Supplied material Block Start

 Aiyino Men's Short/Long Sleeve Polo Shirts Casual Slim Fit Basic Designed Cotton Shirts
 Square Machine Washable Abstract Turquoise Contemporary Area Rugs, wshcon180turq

Supplied material Block End
Supplied material Block Start

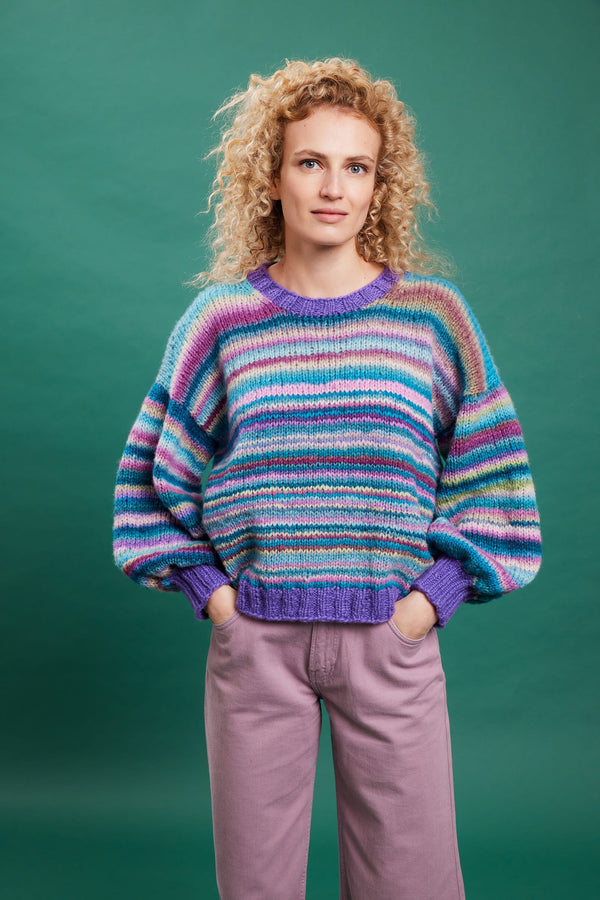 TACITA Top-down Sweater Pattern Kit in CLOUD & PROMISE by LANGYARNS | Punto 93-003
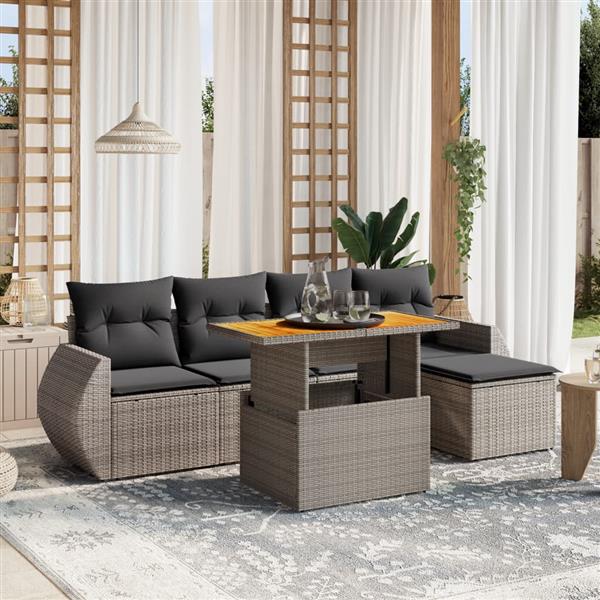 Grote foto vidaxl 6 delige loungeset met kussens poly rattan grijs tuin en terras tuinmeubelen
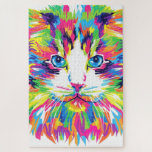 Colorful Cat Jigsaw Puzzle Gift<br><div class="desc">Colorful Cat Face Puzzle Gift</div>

Supplied material Block End

In the material above, the stretch from the line with "Grote foto vidaxl" through the line with "Colorful Cat Jigsaw" is to be given again exactly, minus the pictures.

 Grote foto vidaxl 6 delige loungeset met kussens poly rattan grijs tuin en terras tuinmeubelen
 Colorful Cat Jigsaw Puzzle Gift<br><div class="desc">Colorful Cat Face Puzzle Gift</div>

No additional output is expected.